Source records:
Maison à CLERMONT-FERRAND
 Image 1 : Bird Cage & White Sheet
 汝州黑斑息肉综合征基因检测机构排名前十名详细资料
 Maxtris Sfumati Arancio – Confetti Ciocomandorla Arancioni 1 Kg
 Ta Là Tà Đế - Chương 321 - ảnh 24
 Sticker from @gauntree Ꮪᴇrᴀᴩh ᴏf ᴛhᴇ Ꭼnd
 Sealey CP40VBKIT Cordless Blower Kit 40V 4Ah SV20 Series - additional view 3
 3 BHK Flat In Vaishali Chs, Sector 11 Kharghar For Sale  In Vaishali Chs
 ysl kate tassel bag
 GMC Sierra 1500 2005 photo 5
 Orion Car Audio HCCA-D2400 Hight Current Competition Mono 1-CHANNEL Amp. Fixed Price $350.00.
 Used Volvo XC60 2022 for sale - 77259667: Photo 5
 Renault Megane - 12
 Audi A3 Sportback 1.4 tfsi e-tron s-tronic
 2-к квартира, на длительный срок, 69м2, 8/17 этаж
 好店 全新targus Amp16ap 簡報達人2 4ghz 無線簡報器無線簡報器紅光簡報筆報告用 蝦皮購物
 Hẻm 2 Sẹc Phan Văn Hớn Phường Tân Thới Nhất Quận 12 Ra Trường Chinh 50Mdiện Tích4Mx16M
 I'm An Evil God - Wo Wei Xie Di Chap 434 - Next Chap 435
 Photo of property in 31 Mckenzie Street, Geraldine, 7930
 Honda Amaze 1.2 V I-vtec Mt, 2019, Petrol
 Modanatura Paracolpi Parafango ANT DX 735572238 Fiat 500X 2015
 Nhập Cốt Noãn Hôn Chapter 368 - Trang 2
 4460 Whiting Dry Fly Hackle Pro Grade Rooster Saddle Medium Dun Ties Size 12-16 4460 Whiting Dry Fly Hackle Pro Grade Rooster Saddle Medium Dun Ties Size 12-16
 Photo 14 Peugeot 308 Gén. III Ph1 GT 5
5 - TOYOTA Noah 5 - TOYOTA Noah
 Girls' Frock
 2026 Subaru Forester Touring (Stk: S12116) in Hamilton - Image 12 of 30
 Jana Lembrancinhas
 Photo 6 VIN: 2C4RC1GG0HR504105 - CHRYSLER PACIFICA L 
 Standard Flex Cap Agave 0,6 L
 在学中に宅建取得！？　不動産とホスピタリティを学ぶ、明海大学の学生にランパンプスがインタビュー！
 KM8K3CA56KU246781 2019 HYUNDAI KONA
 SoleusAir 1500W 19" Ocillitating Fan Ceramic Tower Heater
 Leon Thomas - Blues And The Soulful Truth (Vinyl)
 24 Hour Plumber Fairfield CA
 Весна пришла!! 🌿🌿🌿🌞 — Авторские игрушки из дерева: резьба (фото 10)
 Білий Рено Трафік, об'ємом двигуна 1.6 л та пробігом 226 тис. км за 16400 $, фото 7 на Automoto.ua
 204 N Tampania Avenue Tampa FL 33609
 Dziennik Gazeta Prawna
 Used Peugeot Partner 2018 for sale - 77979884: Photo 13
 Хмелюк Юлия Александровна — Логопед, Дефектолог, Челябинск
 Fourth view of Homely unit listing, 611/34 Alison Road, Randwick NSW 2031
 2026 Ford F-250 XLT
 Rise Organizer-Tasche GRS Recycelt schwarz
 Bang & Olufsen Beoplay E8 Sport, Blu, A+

▶ PROBLEM TO WORK ON
Produce only the lines from the line containing "GMC Sierra 1500 2005 photo 5" through the line containing "Audi A3 Sportback 1.4 tfsi e-tron s-tronic", inclusive of both, exactly as they stand in the entries above.

▶ ANSWER TO THE PROBLEM
 GMC Sierra 1500 2005 photo 5
 Orion Car Audio HCCA-D2400 Hight Current Competition Mono 1-CHANNEL Amp. Fixed Price $350.00.
 Used Volvo XC60 2022 for sale - 77259667: Photo 5
 Renault Megane - 12
 Audi A3 Sportback 1.4 tfsi e-tron s-tronic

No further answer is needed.